Amazon dismisses OneWeb as a rival
August 4, 2025
By Chris Forrester

Amazon CEO Andy Jassy didn’t mention Elon Musk’s Starlink, or Eutelsat’s OneWeb, or Canada’s Telesat Lightspeed or any of the ever-growing list of would-be low Earth orbiting (LEO) satellite constellations in remarks on Amazon’s Q2 analysts call. But he did say that Amazon’s Project Kuiper would be one of only two major players in LEO.
Jassy said he that as Kuiper is deployed, there will be only “two players” with the modern technology in LEO satellites.
He stated that Kuiper would provide a “very compelling” customer proposition in terms of price.
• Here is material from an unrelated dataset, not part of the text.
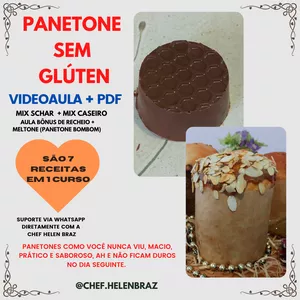 Panetone e chocotone SEM GLÚTEN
Jassy added that that Kuiper would address Amazon’s key customer segments of consumers, enterprises and governments, and would tie in with AWS. He stated that Kuiper had already signed an impressive number of agreements with enterprises and governments.
He explained his rationale, saying: “If you think about enterprises and governments, a lot of what they want to do when they take the data down from space is they want to put it into the cloud to do analysis, analytics, AI, and various operations on top of it. The fact that Project Kuiper and AWS are so seamlessly connected is very attractive to enterprises and to governments.”
This coming Thursday (August 7th), Kuiper will have another batch of satellites on a SpaceX Falcon 9 rocket. Jassy told analysts that while it had suffered delays with some of its rocket launch providers he remained hopeful that Kuiper would begin “commercial beta-tests” later this year or early in 2026.